Little is known about the sexual habits and lifespan of this worm, but researchers hypothesize that sexual reproduction occurs at an early stage, maybe even when the worm is about 100 mm (3.9 in) in length; this is very early, considering these worms can grow to sizes of nearly 3 m (9.8 ft) in some cases (although most observations point to a much lower average length of 1 m (3 ft 3 in) and an average of 25 mm (0.98 in) in diameter). A longlifespan may very well explain the size of these creatures.[verification needed]

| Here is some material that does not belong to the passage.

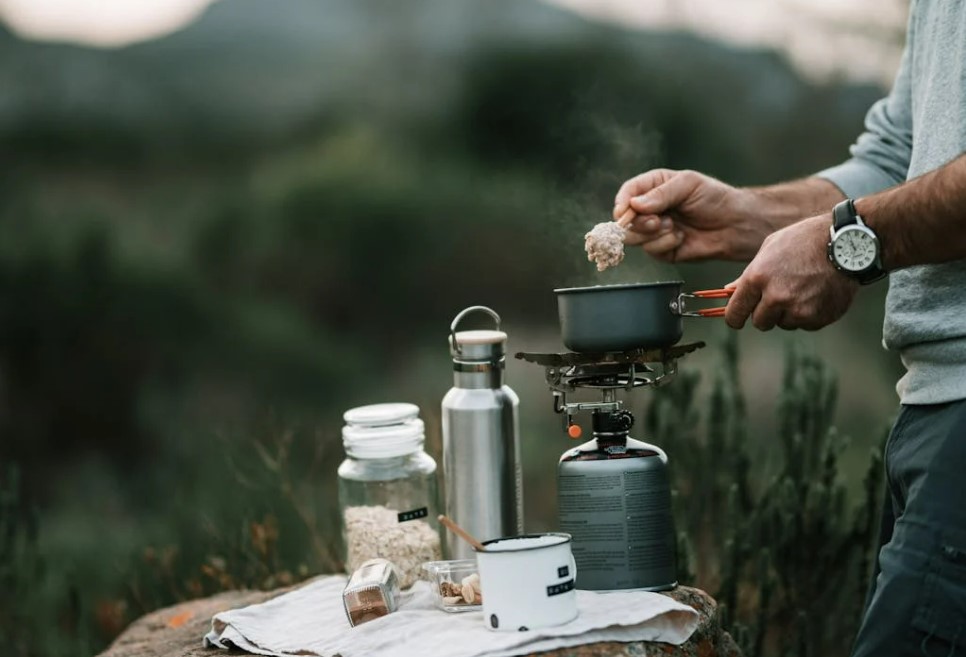 2025 캠핑용품 추천 TOP 10 실용성과 감성 모두 잡았다!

E. aphroditois is found in warmer oceans around the world, including the Indo-Pacific and Atlantic.
Bobbit worms may be accidentally introduced into artificial environments. In March 2009, the Blue Reef Aquarium in Newquay, Cornwall, discovered a Bobbit worm in one of their tanks. The workers had seen the devastation caused by the worm, such as fish being injured or disappearing and coral being sliced in half, but did not find it until they started taking the display apart in the tank. The worm was nicknamed "Barry".
Another Bobbit worm, three and a half feet long and a few inches thick, was found October 7, 2013 in Maidenhead Aquatics in Woking, Surrey.
NameThe name "Bobbit worm" was coined in the 1996 book Coral Reef Animals of the Indo-Pacific, in reference to Lorena Bobbitt, who was then very much in the public consciousness. The name is inspired only by the scissorlike jaws of the worm; the common supposition that female eunicids cut off the males' penises is false. In fact, the worms lack penises entirely as they are broadcast spawners.